Bisnis.com, JAKARTA - Badan Perlindungan Konsumen Nasional (BPKN) mendorong agar pembentukan Lembaga Penjamin Polis asuransi dipercepat.
Ketua BPKN Rizal Halim menilai keberadaan Lembaga Penjamin Polis sangat diperlukan untuk melindungi pemegang polis dan memastikan industri perasuransian berjalan dengan sehat. Hal ini juga telah diamanatkan dalam Undang-Undang Nomor 40 Tahun 2014 tentang Perasuransian.
"Kalau ada Lembaga Penjamin Polis kita bisa bentengi masyarakat secara berlapis," ujar Rizal dalam FGD Booming dan Krisis Industri Asuransi dalam Perspektif UUD 1945 & Pancasila, Rabu (8/9/2021).
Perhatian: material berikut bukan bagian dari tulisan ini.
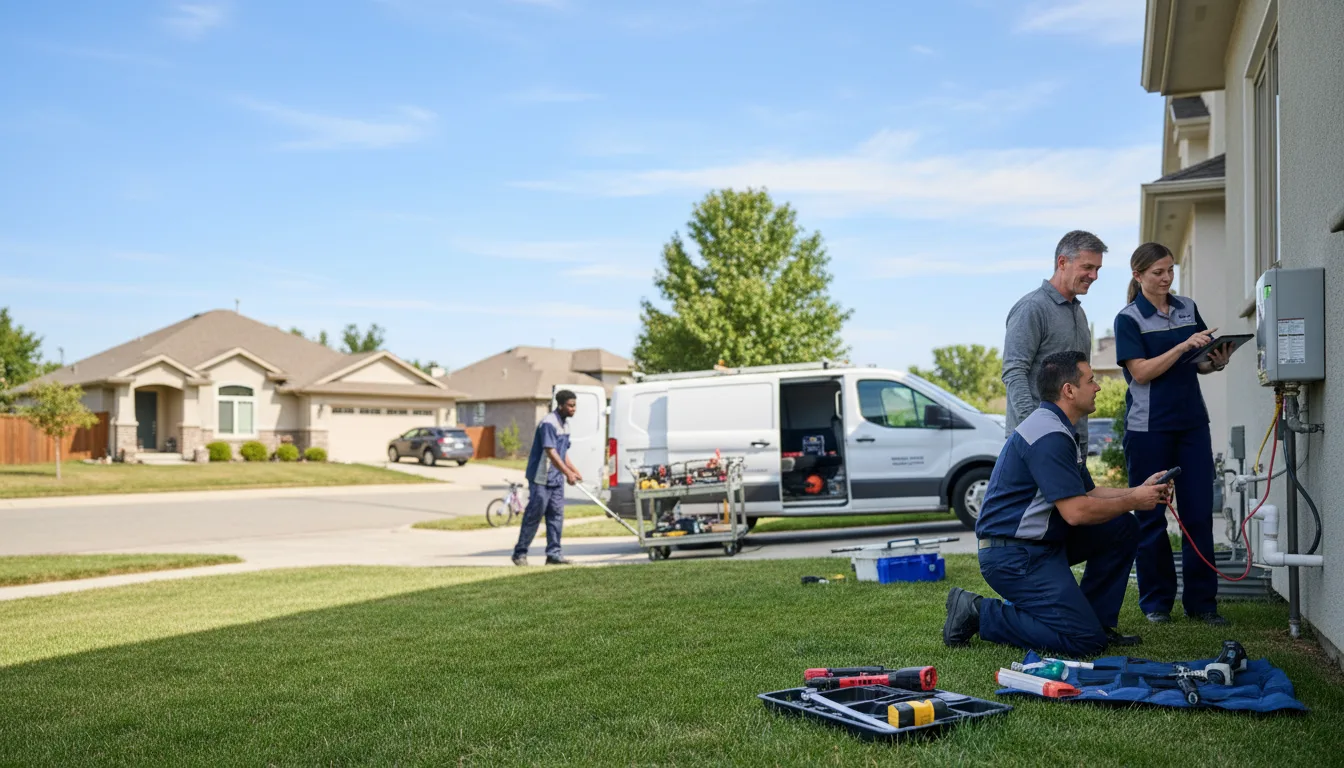 Professional Whole Home Water Filter Services in Rocheport, MO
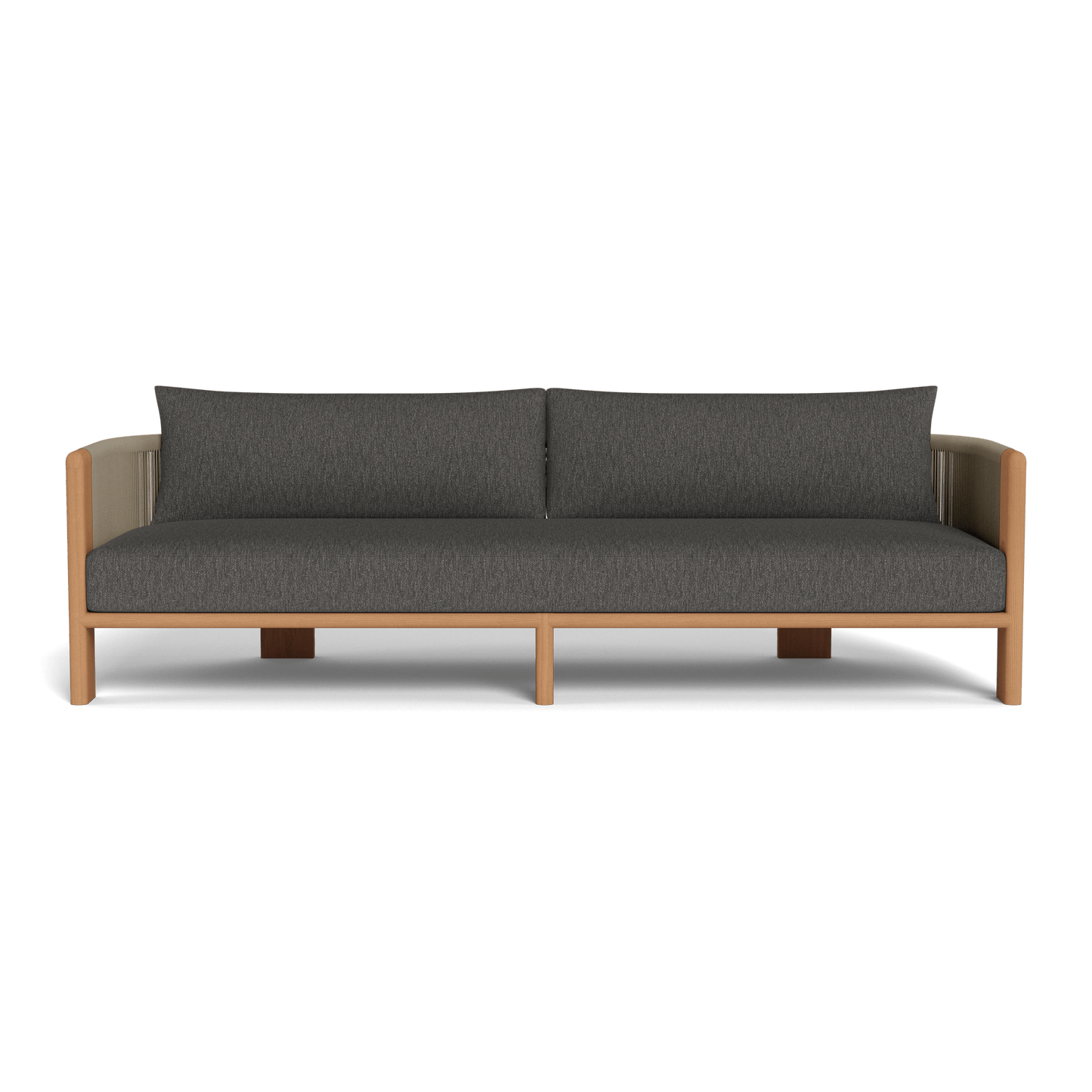 Palm Beach Teak 3 Seat Sofa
BPKN mencatat sepanjang semester I/2021, terdapat pengaduan masyarakat sebanyak 2.055 pengaduan terkait industri jasa keuangan. Dari jumlah tersebut, sekitar 1.600 pengaduan merupakan pengaduan terkait sektor asuransi.
Dia memandang bahwa bisnis asuransi yang seharusnya memberikan perlindungan kepada masyarakat, nyatanya konsumen tidak terlindungi sama sekali. Banyak regulasi yang dikemas dengan framing perlindungan ke masyarakat tidak bisa berjalan dengan baik.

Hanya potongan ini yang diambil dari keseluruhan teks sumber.